From the APP:
Gov. Corzine is right to refuse to accept a short-term fix when it comes to tax reform. Tax credits can provide immediate relief for the needy, but to benefit everyone, we must have reform that specifically addresses the bad land use decisions that arise from the chase for commercial ratables. That encourages municipalities to make the economically logical choice to zone out housing for families with kids because residential property taxes fail to cover the costs of schools.
The ratables chase is a significant factor behind the sprawling growth patterns that have made it so difficult for people to live in and do business in New Jersey. Traffic congestion, a lack of affordable housing and environmental degradation all take a toll on the state’s economy.

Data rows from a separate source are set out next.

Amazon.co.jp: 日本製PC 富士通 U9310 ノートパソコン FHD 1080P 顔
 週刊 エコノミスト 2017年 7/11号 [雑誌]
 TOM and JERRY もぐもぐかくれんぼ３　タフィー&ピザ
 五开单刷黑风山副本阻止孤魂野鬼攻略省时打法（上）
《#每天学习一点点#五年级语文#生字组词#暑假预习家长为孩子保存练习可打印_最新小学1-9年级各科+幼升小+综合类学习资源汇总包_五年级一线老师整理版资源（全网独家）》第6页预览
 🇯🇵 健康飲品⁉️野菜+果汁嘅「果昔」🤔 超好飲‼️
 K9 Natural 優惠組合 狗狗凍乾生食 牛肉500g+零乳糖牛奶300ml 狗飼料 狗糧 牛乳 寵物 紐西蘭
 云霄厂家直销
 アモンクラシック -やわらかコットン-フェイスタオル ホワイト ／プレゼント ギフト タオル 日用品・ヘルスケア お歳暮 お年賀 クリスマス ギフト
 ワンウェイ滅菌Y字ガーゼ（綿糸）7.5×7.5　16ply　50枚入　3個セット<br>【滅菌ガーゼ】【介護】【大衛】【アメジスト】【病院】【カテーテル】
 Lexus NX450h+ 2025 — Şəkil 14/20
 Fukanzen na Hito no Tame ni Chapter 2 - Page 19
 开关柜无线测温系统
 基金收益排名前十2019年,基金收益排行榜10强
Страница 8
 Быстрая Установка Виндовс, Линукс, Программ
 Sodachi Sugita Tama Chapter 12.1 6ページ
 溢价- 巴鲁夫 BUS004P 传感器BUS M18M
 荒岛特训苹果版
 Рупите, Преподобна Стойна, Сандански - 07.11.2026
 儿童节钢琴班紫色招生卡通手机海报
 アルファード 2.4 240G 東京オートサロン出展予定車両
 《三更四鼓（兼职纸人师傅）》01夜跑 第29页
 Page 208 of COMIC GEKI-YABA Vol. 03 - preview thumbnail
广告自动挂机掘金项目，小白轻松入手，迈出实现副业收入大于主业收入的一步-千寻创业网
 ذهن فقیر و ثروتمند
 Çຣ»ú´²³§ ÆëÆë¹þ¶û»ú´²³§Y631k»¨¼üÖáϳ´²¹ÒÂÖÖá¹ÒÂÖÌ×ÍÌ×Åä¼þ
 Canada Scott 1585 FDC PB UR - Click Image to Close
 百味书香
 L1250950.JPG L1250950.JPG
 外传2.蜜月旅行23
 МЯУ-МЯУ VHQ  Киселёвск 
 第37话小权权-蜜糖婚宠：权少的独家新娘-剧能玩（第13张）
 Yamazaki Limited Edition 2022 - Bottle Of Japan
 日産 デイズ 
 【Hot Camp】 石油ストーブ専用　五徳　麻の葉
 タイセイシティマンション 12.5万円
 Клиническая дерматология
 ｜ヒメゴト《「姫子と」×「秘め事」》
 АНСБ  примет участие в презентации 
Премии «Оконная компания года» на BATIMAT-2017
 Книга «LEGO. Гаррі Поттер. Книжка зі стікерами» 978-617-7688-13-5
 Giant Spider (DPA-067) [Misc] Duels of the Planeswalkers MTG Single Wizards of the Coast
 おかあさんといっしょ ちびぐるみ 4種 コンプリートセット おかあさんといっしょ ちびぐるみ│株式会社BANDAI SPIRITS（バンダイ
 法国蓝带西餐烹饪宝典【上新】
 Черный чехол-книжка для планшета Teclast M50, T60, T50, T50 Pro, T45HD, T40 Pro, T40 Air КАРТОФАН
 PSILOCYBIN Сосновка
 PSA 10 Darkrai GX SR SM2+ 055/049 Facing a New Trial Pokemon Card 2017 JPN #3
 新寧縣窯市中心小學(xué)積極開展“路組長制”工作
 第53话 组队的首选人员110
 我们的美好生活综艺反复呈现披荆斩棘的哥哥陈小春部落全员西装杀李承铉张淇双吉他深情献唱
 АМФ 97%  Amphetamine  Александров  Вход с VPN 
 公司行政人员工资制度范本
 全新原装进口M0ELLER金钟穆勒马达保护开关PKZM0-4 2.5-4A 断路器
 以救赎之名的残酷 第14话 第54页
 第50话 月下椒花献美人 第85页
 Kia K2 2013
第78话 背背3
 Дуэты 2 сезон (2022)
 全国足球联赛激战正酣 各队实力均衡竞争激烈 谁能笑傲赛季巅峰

If New Jersey hopes to remain competitive, we need tax reform that promotes smart growth and better land use by eliminating the ratables chase. The Legislature must make the tough decisions necessary to bring about economic prosperity — and long-term tax relief — for all New Jerseyans, not just a targeted few.
From the Courier Post Online:
Our state lawmakers are proposing a 20 percent tax credit for low- and middle-income New Jerseyans — although it would include eliminating the New Jersey Saver Rebate that is $300 for many property owners. So, on a tax bill of $6,000, taking out the $300 rebate, the savings would equal $900.
That would be a good, realistic start if lawmakers can do it and, more importantly, sustain it. Likewise, raising the state retirement age to 62 (from 55) and increasing the amount of state funding for education are also wise plans.
Still, while ideas are still being debated, we’d like to see lawmakers work toward even larger cuts, as would the letter writers who responded here and those who voted in our poll. Among those 2,325 people, 90 percent said a 20 percent tax credit isn’t enough.
Clearly, New Jersey residents want even greater cuts. And why shouldn’t they? They’ve been overtaxed for years in this state and are sick of it. They want sweeping reductions, up to 50 percent, as some letter writers have suggested.
That, of course, would mean radical steps would have to be taken, such as significantly shrinking the number of government workers in this state, consolidating our plethora of government entities, reducing the benefits to government workers and, above all, ending the huge annual spending increases in Trenton each year.
Our state spends too much money and, because of it, requires too much in taxes from citizens.